Sunday, July 22, 2007

How did I get on the US House e-mail list?

I got an e-mail from a Fred Piccolo at the U.S. House e-mail address. I never signed up to be on a mailing list? Does the Congressman's office have some free time that they put in e-mail addresses to pass the time away?

FOR IMMEDIATE RELEASE JULY 19, 2007
CONTACT Fred Piccolo 202-225-7751 (O) 202-536-8424 (C)

Note: An electronic copy of this release can be found at -
http://chriscannon.house.gov/News/DocumentSingle.aspx?DocumentID=69686

Note: A video of Congressman Cannon's opening statement can be seen at - http://www.youtube.com/watch?v=a9U1LUOhdQo


Opening Statement of
Ranking Member Chris Cannon at Hearing on
“Meeting to Consider the Executive Privilege Claims Asserted by White House Counsel in Response to the Subpoena for the Production of Documents Issued to Joshua Bolten, White House Chief of Staff, or Appropriate Custodian of Records”
Thursday, July 19th, 1:00 p.m., 2141 RHOB


One week ago, this Subcommittee met before an empty witness chair, in a hearing the majority knew would yield no new information.

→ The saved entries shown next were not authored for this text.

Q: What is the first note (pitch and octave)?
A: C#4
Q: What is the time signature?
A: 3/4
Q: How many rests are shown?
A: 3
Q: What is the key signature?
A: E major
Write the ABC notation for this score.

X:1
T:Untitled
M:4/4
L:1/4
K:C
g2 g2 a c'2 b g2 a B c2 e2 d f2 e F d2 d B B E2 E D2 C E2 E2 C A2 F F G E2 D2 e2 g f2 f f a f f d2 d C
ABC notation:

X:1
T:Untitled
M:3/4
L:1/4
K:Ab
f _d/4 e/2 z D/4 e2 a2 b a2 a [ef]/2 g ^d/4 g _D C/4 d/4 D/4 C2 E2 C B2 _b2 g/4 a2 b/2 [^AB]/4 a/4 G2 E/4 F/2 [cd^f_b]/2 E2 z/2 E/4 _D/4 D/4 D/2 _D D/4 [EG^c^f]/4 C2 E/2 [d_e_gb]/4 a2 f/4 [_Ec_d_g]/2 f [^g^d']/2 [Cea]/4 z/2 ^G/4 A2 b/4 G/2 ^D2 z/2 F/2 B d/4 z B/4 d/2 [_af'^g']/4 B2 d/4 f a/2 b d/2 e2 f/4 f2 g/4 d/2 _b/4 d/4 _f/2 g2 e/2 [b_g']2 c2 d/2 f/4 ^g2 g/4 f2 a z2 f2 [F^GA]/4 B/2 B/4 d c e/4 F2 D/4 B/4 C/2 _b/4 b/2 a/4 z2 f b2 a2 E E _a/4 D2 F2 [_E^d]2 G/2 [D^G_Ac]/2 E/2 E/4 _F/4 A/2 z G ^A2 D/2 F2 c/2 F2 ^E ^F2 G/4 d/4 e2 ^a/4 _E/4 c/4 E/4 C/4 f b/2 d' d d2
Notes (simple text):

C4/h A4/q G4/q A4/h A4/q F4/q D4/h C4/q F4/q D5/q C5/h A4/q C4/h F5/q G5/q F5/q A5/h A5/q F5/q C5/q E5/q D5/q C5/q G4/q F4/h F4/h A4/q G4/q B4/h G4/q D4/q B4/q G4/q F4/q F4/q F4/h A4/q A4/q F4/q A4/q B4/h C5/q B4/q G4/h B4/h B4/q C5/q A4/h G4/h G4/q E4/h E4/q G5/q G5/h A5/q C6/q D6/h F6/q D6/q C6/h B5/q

One thing did happen during that hearing that could have advanced our resolution of this matter.

I challenged the majority to present to the American people and the minority the evidence it believes justifies the continuance of this investigation.

I challenged the majority to cite and produce specific hearing testimony, interview testimony or documents demonstrating that in this case there is a critical question that remains unanswered and can be answered only by information from Harriet Miers or other White House sources – such as the White House documents at issue today.

The silence since I issued that challenge is deafening.

The majority did not present that evidence at the hearing.

The majority has not presented that evidence since.

I draw one conclusion – the majority does not have that evidence.

We are here today to consider a ruling on the executive privilege claims the White House has asserted over its documents and lining up contempt citations for Harriet Miers and the White House.

Once the majority obtains that ruling, it presumably will move on to contempt proceedings over the refusals, based on those claims, to appear, testify and turn over documents.

These games may be strangely entertaining to lawyers, press hounds, and academics.

But they are not parlor games, and they promise no productive end.

On the contrary, they pointlessly threaten to land in jail people who are asserting understandable claims to executive privilege, concerning evidence we don’t really need, and that we could have had – and still could have –if we were willing to take up the months-old White House offer of informal discovery.

Instead, we are placing Harriet Miers and Josh Bolten in the crosshairs for refusing to give us information, when we ourselves for months have refused the White House’s offers to give us precisely that information voluntarily.

This investigation began with the outcry over the dismissals of eight U.S. Attorneys from the very party whose leader, President Clinton, dismissed all 93 U.S. Attorneys in 1993.

It continued just last week, when the majority overruled executive privilege claims Harriet Miers forwarded – even though they rested on the legal opinion of Janet Reno, President Clinton’s Attorney General, that immediate advisers to the president, specifically including the White House Counsel, were absolutely immune from being compelled to testify before Congress.

There is one thing I want to assure everyone understands:

If this body votes out a contempt citation, and that citation is sent to the U.S. Attorney for prosecution to pierce executive privilege then this body will be committing precisely the kind of partisan abuse the majority has decried from the outset of this investigation.

In fact, the majority will be forcing the U.S. Attorney to pursue a political case. The Majority will be engaging in the sort of activity they are accusing the Justice Department of. The only difference is there is no factual evidence that the Department has engaged in that sort of behavior, only innuendo.

It is a core responsibility of Congress to oversee the Executive Branch. But after all the investigation we have done on this matter it has resulted in no evidence of wrongdoing in the removal of the U.S. Attorney’s. Instead, we have damaged the Justice Department and diminished Congress and have landed at the threshold of contempt proceedings against Harriet Miers and the White House.

We anticipate a court battle which I very much fear we will lose. If we don’t have substantial evidence of wrongdoing, we will perpetually undermine the Congress’ prerogatives in overseeing future administrations.

So I renew my challenge to the majority: Produce the evidence they believe establishes wrongdoing in the U.S. Attorney dismissals; cite and produce specific hearing testimony, interview testimony or documents demonstrating that there remains in this case a critical unanswered question that can be answered only through contempt proceedings.

Because without that evidence, there not only is no basis for ruling against the White House’s assertion of executive privilege, there is no basis for proceeding further with this investigation. There is no basis for doing anything other than wrapping this investigation up. We need to get back to the real business of the American people.

I yield back.

1 comment:

Mark E. Towner said...

Look carefully at the from address again. Try to ping that address to see if it actually is a real address, bet it's not!